Starting with the line that has "tsumori chisato CARRY" in the records below and stopping after the line that has "Yediiklim Yayınları YDS", output every line exactly and nothing else; skip pictures.

DATASET ENTRIES
= Beginning of Section =

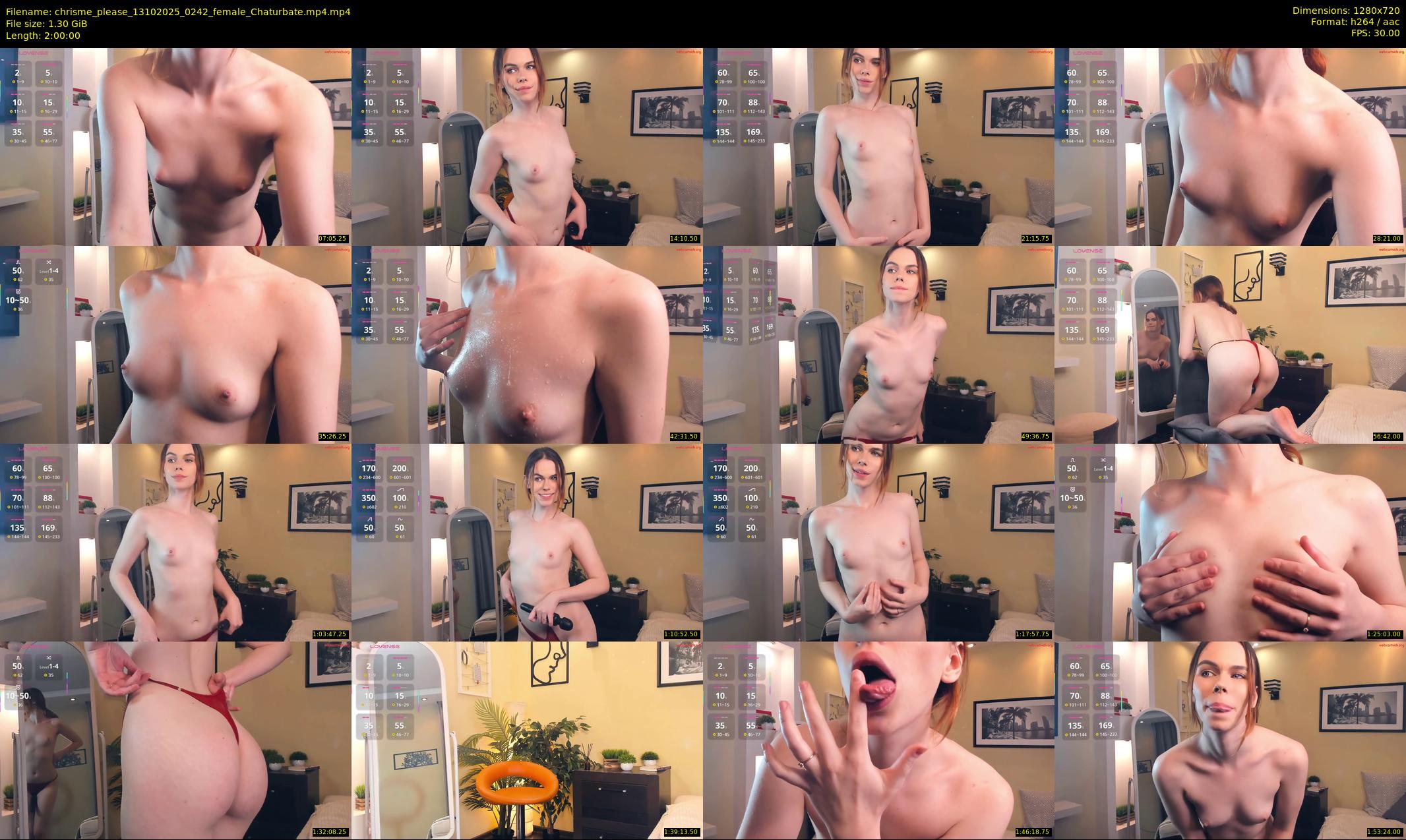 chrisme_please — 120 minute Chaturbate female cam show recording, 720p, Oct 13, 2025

= End of Section =
= Beginning of Section =

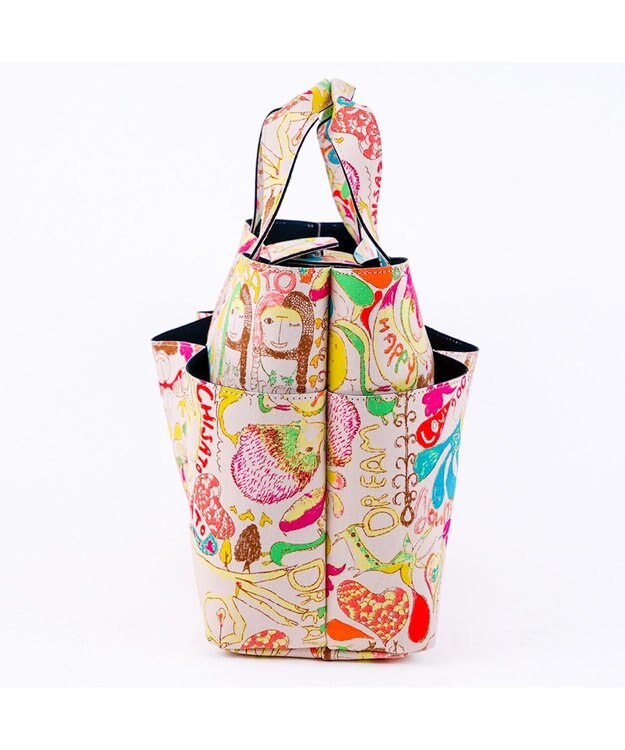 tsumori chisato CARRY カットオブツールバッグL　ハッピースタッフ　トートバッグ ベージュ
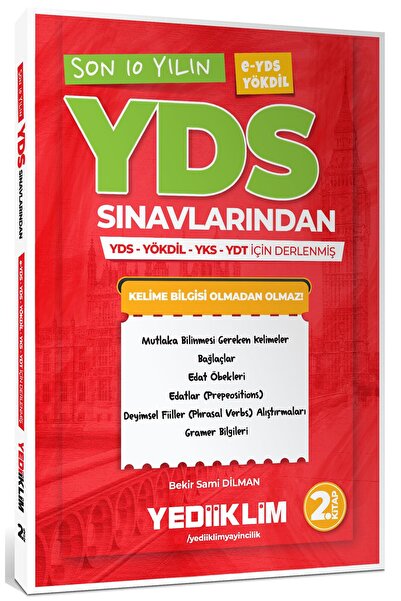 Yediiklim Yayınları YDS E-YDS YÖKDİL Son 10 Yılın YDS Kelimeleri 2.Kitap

= End of Section =

OUTPUT BELOW
 tsumori chisato CARRY カットオブツールバッグL　ハッピースタッフ　トートバッグ ベージュ
 Yediiklim Yayınları YDS E-YDS YÖKDİL Son 10 Yılın YDS Kelimeleri 2.Kitap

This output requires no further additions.